*** Opening of TASK INPUT ***

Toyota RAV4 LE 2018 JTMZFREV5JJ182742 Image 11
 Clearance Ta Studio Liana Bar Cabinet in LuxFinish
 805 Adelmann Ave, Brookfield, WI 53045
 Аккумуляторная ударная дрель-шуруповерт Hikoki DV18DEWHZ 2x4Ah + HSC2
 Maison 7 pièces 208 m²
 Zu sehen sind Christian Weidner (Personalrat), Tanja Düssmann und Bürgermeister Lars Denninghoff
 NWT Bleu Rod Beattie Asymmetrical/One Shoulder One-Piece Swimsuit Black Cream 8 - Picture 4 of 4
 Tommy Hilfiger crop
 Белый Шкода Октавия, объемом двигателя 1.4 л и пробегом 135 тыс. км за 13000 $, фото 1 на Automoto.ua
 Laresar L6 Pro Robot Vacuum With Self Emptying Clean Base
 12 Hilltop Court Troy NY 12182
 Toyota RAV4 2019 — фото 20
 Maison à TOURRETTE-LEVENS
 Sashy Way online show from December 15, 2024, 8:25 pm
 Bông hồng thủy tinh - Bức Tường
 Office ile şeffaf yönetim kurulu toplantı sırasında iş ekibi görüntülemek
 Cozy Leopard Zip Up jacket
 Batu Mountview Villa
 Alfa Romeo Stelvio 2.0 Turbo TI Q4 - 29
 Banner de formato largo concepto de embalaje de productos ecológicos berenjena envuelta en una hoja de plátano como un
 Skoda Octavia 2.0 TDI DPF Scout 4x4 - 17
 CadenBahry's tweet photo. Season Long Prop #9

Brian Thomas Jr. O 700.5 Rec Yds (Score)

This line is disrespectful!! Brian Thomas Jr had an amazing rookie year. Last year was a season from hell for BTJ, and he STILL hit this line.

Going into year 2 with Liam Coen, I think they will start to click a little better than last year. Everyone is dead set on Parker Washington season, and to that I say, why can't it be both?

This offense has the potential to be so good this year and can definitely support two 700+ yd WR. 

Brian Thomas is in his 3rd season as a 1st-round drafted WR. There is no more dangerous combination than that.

*** Close of TASK INPUT ***

**WHAT YOU SHOULD DO**
Please copy out each line in the entries that mentions the string "Thomas".

**RESULT FOR THIS TASK**
Brian Thomas Jr. O 700.5 Rec Yds (Score)
This line is disrespectful!! Brian Thomas Jr had an amazing rookie year. Last year was a season from hell for BTJ, and he STILL hit this line.
Brian Thomas is in his 3rd season as a 1st-round drafted WR. There is no more dangerous combination than that.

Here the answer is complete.